• **Work task**:
How do the lines read from the one holding "Pleated Strapless Quince" through the last line of the listing? Set them down exactly, pictures omitted.

• **Task material**:

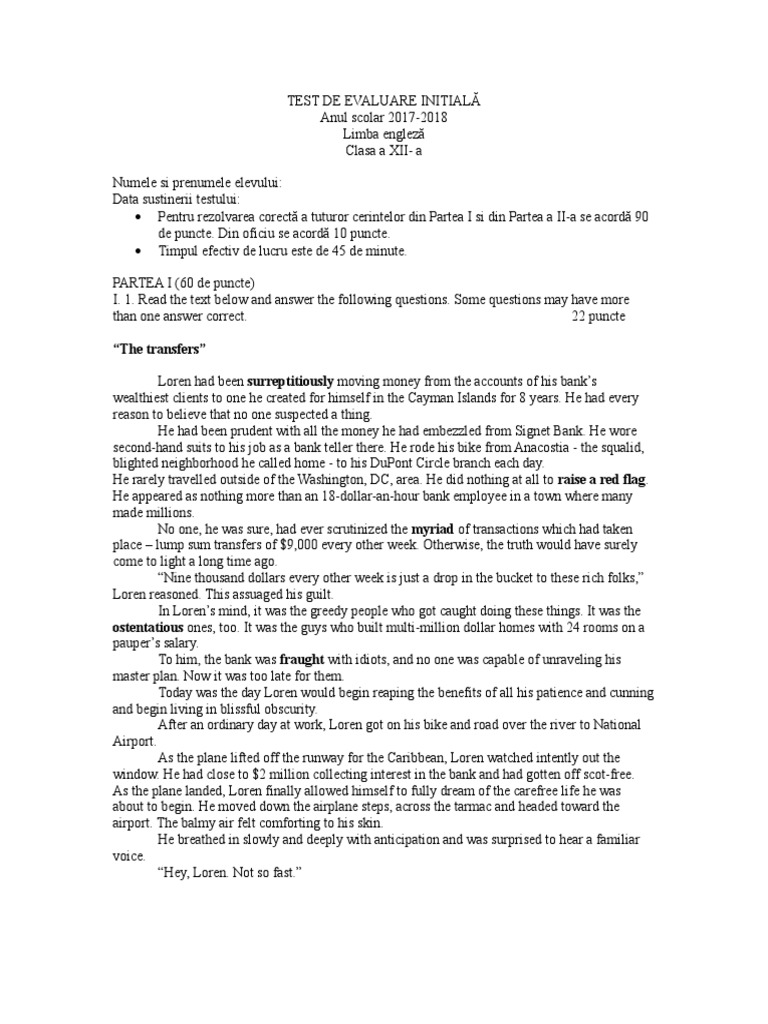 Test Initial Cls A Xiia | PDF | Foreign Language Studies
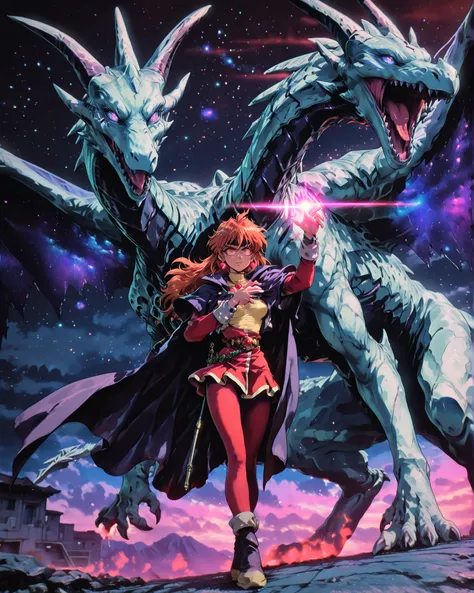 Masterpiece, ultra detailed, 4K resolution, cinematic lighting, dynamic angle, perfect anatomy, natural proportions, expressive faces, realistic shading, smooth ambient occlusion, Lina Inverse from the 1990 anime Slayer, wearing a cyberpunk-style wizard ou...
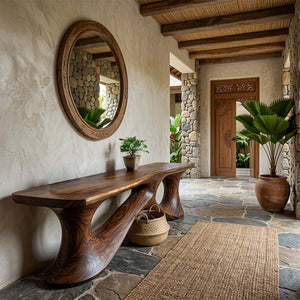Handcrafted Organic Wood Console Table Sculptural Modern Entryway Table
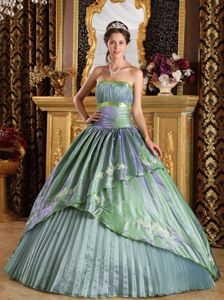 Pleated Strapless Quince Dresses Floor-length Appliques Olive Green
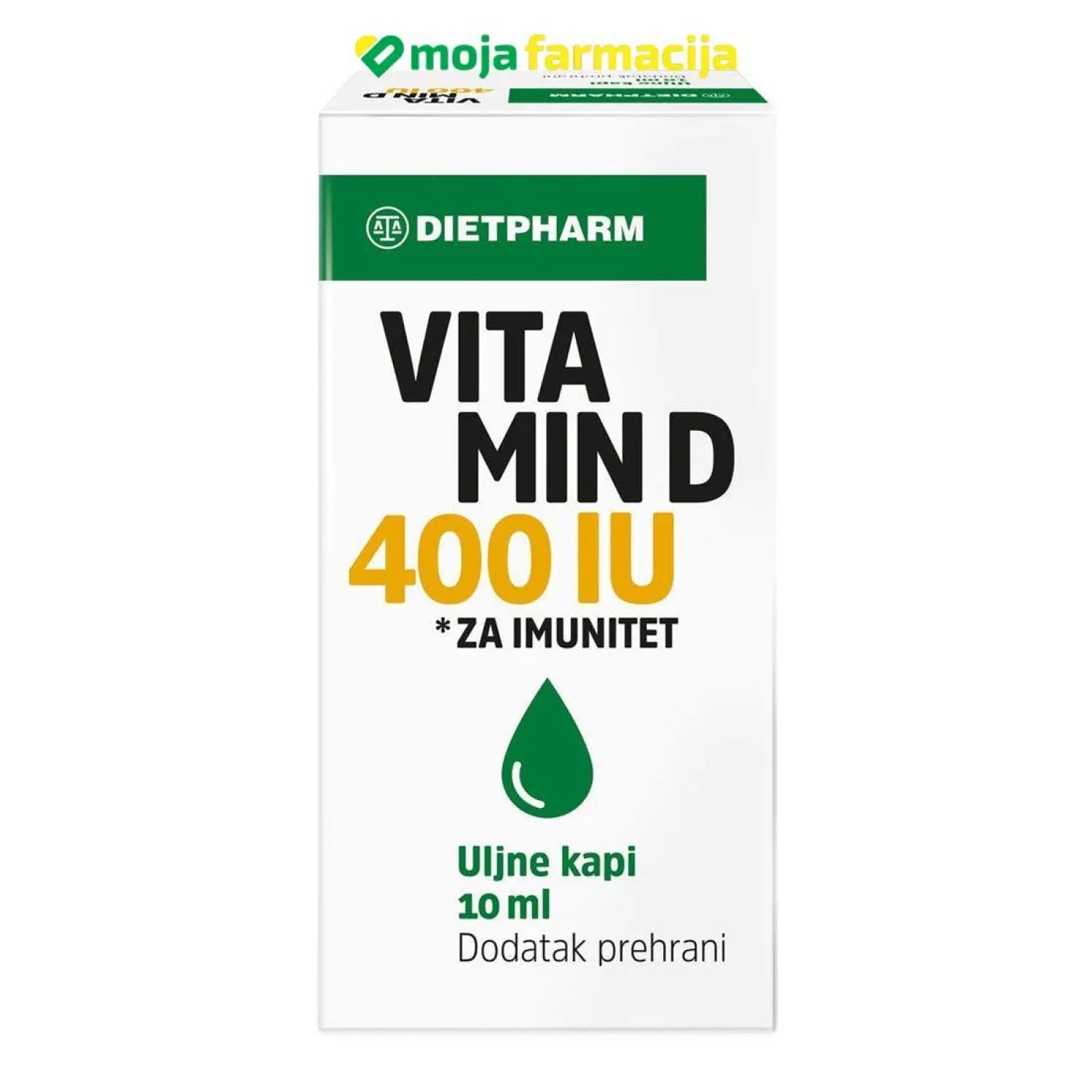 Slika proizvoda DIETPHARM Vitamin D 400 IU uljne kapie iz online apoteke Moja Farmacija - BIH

• **Output**:
 Pleated Strapless Quince Dresses Floor-length Appliques Olive Green
 Slika proizvoda DIETPHARM Vitamin D 400 IU uljne kapie iz online apoteke Moja Farmacija - BIH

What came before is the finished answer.